Class SnowflakeSinkServiceV2

  • All Implemented Interfaces:
    SnowflakeSinkService

    public class SnowflakeSinkServiceV2
    extends Object
    implements SnowflakeSinkService
    This is per task configuration. A task can be assigned multiple partitions. Major methods are startTask, insert, getOffset and close methods.

    StartTask: Called when partitions are assigned. Responsible for generating the POJOs.

    Insert and getOffset are called when SnowflakeSinkTask.put(Collection) and SnowflakeSinkTask.preCommit(Map) APIs are called.

    This implementation of SinkService uses Streaming Snowpipe (Streaming Ingestion)

    Hence this initializes the channel, opens, closes. The StreamingIngestChannel resides inside TopicPartitionChannel which is per partition.

    • Method Detail

      • startPartition

        public void startPartition​(String tableName,
                                   org.apache.kafka.common.TopicPartition topicPartition)
        Creates a table if it doesnt exist in Snowflake.
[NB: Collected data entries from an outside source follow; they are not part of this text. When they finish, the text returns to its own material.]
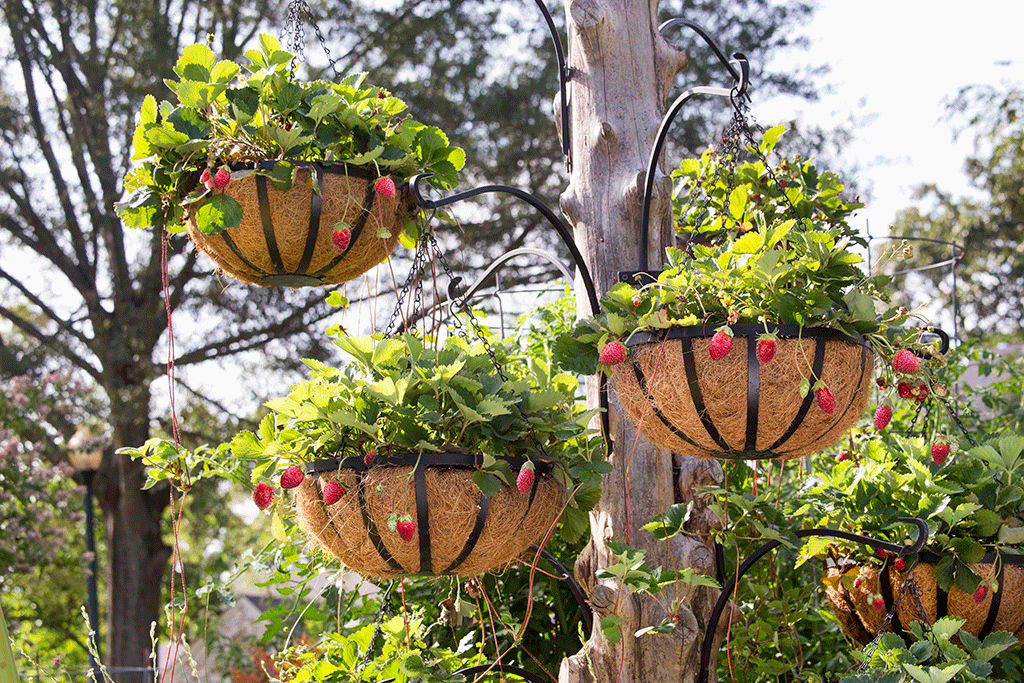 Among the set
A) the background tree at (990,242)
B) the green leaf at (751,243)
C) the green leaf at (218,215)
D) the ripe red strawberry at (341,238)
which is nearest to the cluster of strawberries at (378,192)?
the ripe red strawberry at (341,238)

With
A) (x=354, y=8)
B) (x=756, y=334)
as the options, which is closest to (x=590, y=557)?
(x=756, y=334)

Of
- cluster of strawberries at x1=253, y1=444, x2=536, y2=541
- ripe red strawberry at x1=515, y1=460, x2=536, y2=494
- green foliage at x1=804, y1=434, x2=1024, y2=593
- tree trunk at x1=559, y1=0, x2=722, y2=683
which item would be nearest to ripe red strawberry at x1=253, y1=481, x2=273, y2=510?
cluster of strawberries at x1=253, y1=444, x2=536, y2=541

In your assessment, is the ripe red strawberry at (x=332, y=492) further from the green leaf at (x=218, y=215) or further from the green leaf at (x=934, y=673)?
the green leaf at (x=934, y=673)

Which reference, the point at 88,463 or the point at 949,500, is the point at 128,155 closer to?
the point at 88,463

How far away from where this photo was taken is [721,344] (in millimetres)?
1256

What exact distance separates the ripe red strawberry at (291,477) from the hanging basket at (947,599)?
1183 millimetres

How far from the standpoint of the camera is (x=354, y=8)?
6148mm

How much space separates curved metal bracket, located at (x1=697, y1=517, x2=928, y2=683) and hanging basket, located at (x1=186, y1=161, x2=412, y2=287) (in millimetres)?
934

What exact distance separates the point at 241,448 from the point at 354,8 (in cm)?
549

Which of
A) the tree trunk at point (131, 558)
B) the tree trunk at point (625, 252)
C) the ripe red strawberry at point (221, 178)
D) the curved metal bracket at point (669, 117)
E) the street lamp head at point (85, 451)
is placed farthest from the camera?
the tree trunk at point (131, 558)

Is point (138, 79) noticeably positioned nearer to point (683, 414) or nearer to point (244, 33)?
point (244, 33)

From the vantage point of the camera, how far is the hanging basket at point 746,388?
1312mm

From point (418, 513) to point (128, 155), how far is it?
588 centimetres

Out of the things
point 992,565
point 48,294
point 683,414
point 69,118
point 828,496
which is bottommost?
point 992,565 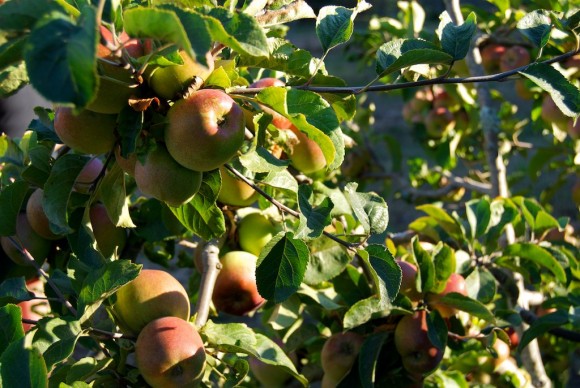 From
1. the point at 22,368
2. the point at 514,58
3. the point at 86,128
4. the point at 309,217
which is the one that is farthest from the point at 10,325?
the point at 514,58

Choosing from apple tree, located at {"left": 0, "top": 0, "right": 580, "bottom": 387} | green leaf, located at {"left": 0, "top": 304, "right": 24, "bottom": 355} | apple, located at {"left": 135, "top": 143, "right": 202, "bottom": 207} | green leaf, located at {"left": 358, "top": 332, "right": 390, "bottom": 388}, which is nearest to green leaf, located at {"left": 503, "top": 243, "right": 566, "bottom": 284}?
apple tree, located at {"left": 0, "top": 0, "right": 580, "bottom": 387}

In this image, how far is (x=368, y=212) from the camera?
81cm

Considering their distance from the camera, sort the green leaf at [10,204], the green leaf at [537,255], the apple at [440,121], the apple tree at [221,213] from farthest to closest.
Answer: the apple at [440,121], the green leaf at [537,255], the green leaf at [10,204], the apple tree at [221,213]

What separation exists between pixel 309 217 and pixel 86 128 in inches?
8.9

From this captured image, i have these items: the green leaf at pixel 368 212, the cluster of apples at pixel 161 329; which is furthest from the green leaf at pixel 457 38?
the cluster of apples at pixel 161 329

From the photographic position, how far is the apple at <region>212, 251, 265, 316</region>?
3.13ft

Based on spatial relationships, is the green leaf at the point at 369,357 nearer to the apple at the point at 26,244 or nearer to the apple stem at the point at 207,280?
the apple stem at the point at 207,280

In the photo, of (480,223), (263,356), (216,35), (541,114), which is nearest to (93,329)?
(263,356)

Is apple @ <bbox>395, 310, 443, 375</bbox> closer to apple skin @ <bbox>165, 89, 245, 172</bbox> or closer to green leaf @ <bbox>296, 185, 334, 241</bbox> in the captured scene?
green leaf @ <bbox>296, 185, 334, 241</bbox>

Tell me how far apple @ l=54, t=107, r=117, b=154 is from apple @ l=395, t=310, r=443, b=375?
0.46m

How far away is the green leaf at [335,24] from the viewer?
744 mm

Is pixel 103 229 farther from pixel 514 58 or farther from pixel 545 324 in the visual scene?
pixel 514 58

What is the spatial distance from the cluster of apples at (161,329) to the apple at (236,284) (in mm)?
142

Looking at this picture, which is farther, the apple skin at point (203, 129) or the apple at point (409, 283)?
the apple at point (409, 283) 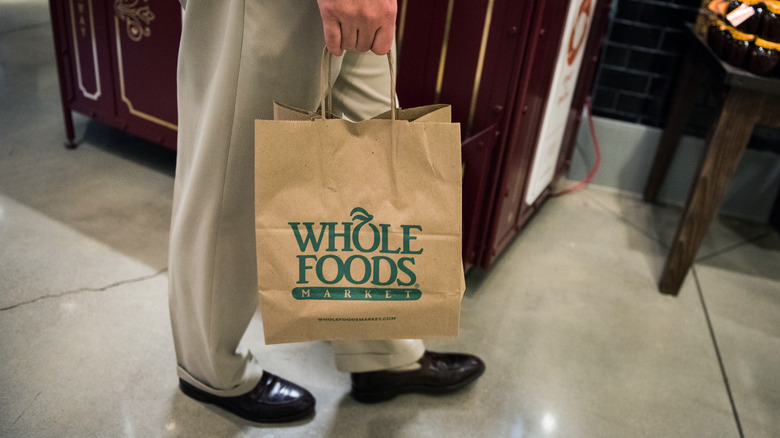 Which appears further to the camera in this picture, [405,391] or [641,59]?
[641,59]

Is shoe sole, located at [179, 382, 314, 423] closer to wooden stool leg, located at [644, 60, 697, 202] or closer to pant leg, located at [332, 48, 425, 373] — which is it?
pant leg, located at [332, 48, 425, 373]

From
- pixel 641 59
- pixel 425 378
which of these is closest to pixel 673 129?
pixel 641 59

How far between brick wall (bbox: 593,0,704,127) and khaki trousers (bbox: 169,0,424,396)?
1.57 meters

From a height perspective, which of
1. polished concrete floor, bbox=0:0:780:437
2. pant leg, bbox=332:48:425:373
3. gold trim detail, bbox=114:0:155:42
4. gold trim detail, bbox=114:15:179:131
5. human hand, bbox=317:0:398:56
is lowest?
polished concrete floor, bbox=0:0:780:437

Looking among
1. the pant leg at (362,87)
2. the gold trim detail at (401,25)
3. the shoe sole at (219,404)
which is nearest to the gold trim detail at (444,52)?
the gold trim detail at (401,25)

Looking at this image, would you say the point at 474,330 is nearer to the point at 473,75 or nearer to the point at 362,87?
the point at 473,75

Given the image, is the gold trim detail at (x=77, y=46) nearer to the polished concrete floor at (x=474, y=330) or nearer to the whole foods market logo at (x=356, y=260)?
the polished concrete floor at (x=474, y=330)

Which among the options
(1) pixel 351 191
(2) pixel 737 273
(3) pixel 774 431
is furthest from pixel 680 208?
(1) pixel 351 191

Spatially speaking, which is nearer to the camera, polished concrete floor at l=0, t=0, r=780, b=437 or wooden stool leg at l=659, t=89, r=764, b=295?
A: polished concrete floor at l=0, t=0, r=780, b=437

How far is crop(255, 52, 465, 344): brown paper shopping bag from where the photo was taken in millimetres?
814

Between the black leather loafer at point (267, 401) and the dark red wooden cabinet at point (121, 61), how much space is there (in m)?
1.09

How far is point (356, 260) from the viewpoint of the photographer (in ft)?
2.84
        Initializes the Channel and partitionsToChannel map with new instance of TopicPartitionChannel

        Specified by:
        startPartition in interface SnowflakeSinkService
        Parameters:
        tableName - destination table name
        topicPartition - TopicPartition passed from Kafka
      • startPartitions

        public void startPartitions​(Collection<org.apache.kafka.common.TopicPartition> partitions,
                                    Map<String,​String> topic2Table)
        Initializes multiple Channels and partitionsToChannel maps with new instances of TopicPartitionChannel
        Specified by:
        startPartitions in interface SnowflakeSinkService
        Parameters:
        partitions - collection of topic partition
        topic2Table - map of topic to table name
      • insert

        public void insert​(Collection<org.apache.kafka.connect.sink.SinkRecord> records)
        Inserts the given record into buffer and then eventually calls insertRows API if buffer threshold has reached.
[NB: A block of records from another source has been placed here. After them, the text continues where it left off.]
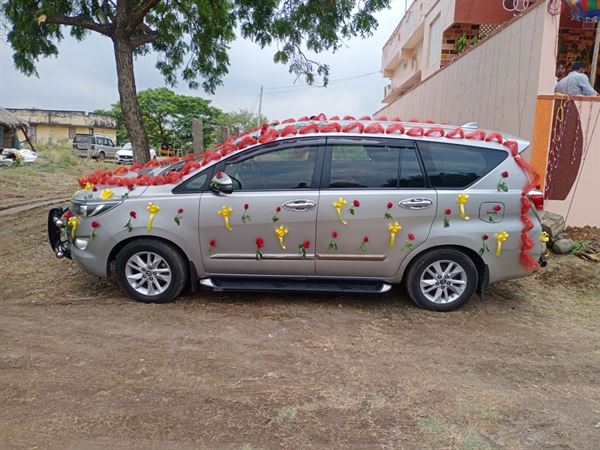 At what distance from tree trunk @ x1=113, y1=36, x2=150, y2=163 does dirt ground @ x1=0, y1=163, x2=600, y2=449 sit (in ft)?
10.7

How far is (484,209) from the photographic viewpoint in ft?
15.7

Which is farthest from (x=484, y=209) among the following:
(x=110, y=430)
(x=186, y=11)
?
(x=186, y=11)

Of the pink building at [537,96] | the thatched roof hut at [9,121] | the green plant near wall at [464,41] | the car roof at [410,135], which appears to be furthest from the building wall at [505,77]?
the thatched roof hut at [9,121]

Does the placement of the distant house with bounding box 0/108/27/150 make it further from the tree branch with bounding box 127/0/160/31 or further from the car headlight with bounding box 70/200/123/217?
the car headlight with bounding box 70/200/123/217

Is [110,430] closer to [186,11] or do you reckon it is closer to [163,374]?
[163,374]

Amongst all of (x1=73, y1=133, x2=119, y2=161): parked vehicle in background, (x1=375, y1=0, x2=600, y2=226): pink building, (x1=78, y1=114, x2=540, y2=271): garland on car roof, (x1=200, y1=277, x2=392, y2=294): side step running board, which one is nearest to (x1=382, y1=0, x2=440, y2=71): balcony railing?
(x1=375, y1=0, x2=600, y2=226): pink building

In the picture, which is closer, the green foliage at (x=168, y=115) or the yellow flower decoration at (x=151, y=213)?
the yellow flower decoration at (x=151, y=213)

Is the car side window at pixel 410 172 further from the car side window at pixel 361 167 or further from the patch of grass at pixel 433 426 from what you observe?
the patch of grass at pixel 433 426

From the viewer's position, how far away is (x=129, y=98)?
8086 mm

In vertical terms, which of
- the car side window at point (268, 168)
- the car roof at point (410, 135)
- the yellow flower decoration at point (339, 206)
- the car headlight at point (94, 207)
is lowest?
the car headlight at point (94, 207)

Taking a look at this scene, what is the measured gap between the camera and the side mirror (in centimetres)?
468

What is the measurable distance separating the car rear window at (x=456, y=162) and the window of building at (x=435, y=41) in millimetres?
9570

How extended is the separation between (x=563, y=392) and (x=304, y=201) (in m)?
2.59

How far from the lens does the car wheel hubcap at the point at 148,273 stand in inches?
191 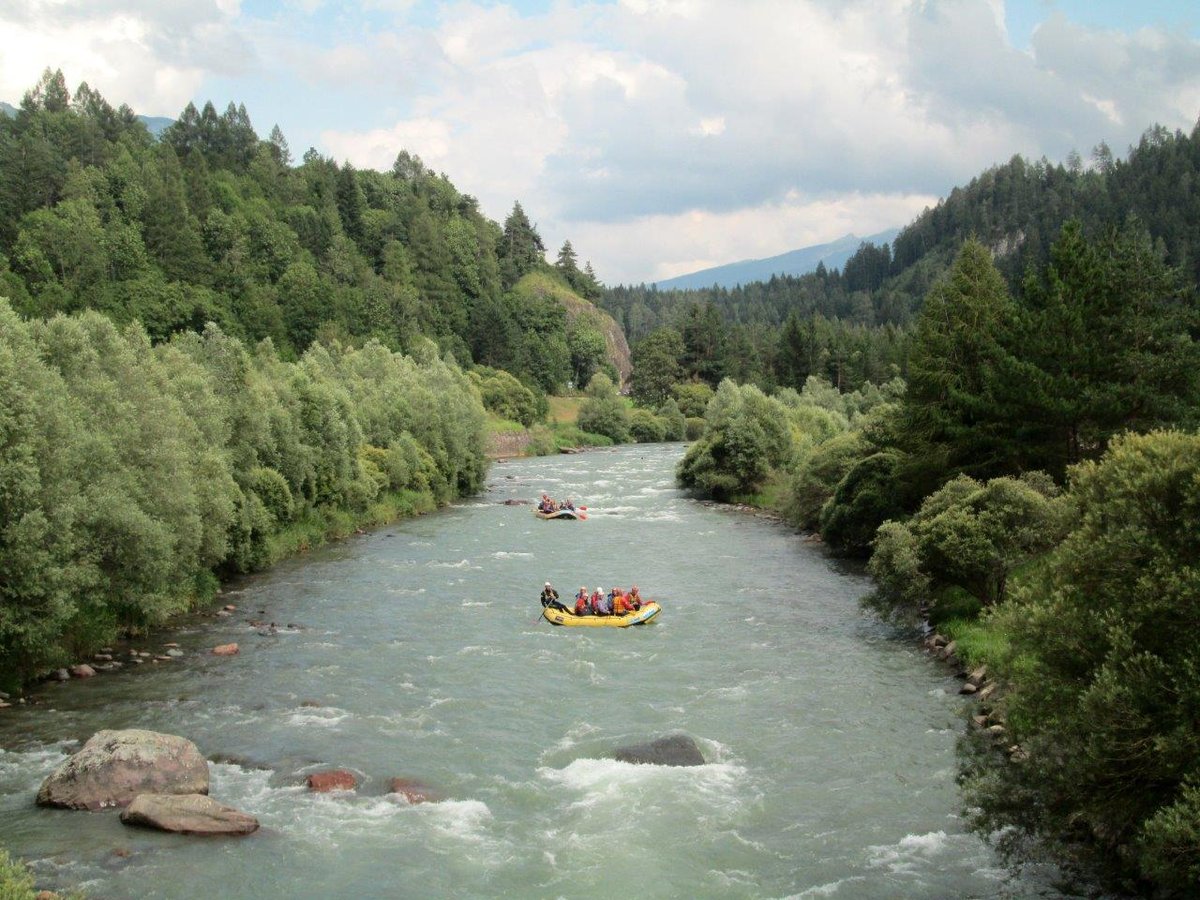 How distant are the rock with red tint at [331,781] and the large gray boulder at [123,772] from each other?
2619 millimetres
        TODO: SNOW-473896 - Please note we will get away with Buffering logic in future commits.

        Specified by:
        insert in interface SnowflakeSinkService
        Parameters:
        records - records coming from Kafka. Please note, they are not just from single topic and partition. It depends on the kafka connect worker node which can consume from multiple Topic and multiple Partitions
      • insert

        public void insert​(org.apache.kafka.connect.sink.SinkRecord record)
        Inserts individual records into buffer. It fetches the TopicPartitionChannel from the map and then each partition(Streaming channel) calls its respective insertRows API
        Specified by:
        insert in interface SnowflakeSinkService
        Parameters:
        record - record content
      • getOffset

        public long getOffset​(org.apache.kafka.common.TopicPartition topicPartition)
        Description copied from interface: SnowflakeSinkService
        retrieve offset of last loaded record for given pipe name
        Specified by:
        getOffset in interface SnowflakeSinkService
        Parameters:
        topicPartition - topic and partition
        Returns:
        offset, or -1 for empty
      • close

        public void close​(Collection<org.apache.kafka.common.TopicPartition> partitions)
        This function is called during rebalance.
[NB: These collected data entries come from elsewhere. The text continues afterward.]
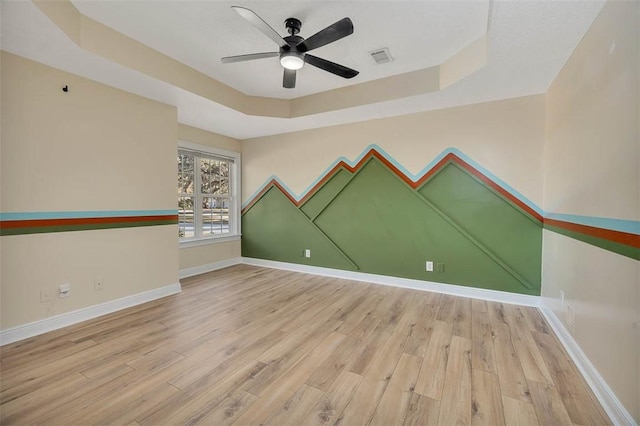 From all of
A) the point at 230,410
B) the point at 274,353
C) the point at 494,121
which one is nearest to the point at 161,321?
the point at 274,353

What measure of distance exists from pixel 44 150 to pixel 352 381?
11.4 ft

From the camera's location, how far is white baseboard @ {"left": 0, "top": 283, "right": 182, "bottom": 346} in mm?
2430

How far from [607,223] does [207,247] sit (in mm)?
5126

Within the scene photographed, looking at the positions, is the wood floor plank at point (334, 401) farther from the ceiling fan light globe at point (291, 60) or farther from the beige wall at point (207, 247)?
the beige wall at point (207, 247)

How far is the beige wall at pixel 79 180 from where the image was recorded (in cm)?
245

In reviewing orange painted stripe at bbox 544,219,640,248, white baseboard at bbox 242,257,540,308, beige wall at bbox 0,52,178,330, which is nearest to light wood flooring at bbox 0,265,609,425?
white baseboard at bbox 242,257,540,308

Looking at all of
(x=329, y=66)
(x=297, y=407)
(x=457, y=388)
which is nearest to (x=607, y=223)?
(x=457, y=388)

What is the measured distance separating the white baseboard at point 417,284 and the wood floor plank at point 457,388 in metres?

        All the channels are closed. The client is still active. Upon rebalance, (inside SnowflakeSinkTask.open(Collection) we will reopen the channel.

        We will wipe the cache partitionsToChannel so that in SnowflakeSinkTask.open(Collection) we reinstantiate and fetch offsetToken

        Specified by:
        close in interface SnowflakeSinkService
        Parameters:
        partitions - a list of topic partition
      • setRecordNumber

        public void setRecordNumber​(long num)
        Description copied from interface: SnowflakeSinkService
        change maximum number of record cached in buffer to control the flush rate, 0 for unlimited
        Specified by:
        setRecordNumber in interface SnowflakeSinkService
        Parameters:
        num - a non negative long number represents number of record limitation
      • setFileSize

        public void setFileSize​(long size)
        Assume this is buffer size in bytes, since this is streaming ingestion
        Specified by:
        setFileSize in interface SnowflakeSinkService
        Parameters:
        size - in bytes - a non negative long number representing size of internal buffer for flush.
      • getFileSize

        public long getFileSize()
        This is more of size in bytes of buffered records. This necessarily doesnt translates to files created by Streaming Ingest since they are compressed. So there is no 1:1 mapping.
        Specified by:
        getFileSize in interface SnowflakeSinkService
        Returns:
        current file size limitation
      • partitionChannelKey

        public static String partitionChannelKey​(String connectorName,
                                                 String topic,
                                                 int partition)
        Gets a unique identifier consisting of connector name, topic name and partition number.
        Parameters:
        connectorName - Connector name is always unique. (Two connectors with same name won't be allowed by Connector Framework)

        Note: Customers can have same named connector in different connector runtimes (Like DEV or PROD)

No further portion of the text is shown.